Scraped caption text data:

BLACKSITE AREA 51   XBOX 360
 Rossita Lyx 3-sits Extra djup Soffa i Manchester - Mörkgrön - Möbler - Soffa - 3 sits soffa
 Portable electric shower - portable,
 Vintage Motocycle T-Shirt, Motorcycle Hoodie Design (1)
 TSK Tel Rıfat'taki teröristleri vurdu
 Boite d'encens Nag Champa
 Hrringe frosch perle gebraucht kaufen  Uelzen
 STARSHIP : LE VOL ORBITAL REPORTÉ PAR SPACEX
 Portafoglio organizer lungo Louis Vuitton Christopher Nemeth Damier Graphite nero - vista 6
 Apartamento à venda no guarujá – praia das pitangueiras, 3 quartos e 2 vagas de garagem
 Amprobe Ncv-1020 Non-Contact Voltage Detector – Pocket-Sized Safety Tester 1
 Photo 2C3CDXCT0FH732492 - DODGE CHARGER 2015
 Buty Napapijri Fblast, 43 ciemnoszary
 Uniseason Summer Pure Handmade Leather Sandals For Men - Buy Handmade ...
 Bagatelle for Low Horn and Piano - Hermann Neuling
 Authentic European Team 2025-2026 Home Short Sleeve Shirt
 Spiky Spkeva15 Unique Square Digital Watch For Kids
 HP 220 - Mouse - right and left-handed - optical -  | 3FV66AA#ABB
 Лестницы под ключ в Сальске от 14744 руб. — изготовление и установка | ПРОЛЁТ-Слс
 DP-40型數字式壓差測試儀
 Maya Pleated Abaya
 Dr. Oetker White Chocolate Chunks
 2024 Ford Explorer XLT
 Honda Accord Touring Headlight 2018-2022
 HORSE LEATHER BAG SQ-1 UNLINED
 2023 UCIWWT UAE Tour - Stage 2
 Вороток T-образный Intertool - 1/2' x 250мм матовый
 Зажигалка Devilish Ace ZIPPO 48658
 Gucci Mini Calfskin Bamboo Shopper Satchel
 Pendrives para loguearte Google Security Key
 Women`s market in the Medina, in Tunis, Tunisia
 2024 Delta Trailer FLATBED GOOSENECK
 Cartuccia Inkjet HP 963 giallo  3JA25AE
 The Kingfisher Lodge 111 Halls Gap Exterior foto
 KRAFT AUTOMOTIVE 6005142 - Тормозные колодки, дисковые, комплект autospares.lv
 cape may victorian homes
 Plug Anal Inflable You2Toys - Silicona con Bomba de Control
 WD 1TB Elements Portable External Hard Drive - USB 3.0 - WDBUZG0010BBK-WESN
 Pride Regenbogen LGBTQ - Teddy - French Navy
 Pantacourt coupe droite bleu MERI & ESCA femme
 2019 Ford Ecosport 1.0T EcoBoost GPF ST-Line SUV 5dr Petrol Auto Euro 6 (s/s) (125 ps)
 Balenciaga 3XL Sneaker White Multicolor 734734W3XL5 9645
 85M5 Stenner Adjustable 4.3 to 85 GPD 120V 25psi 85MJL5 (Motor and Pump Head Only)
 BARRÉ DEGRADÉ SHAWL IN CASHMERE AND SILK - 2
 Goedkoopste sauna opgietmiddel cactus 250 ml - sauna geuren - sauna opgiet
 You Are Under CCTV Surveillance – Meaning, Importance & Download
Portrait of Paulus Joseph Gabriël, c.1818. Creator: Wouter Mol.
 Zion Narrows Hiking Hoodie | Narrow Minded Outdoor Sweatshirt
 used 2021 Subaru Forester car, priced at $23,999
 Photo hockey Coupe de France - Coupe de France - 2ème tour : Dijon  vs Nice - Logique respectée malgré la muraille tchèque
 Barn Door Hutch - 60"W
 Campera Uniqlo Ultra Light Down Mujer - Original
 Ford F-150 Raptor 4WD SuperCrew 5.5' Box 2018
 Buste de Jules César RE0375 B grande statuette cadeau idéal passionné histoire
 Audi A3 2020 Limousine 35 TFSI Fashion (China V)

Task brief: Where the string "Portable" appears in a line of the entries above, return that line.

Finished exercise:
 Portable electric shower - portable,
 WD 1TB Elements Portable External Hard Drive - USB 3.0 - WDBUZG0010BBK-WESN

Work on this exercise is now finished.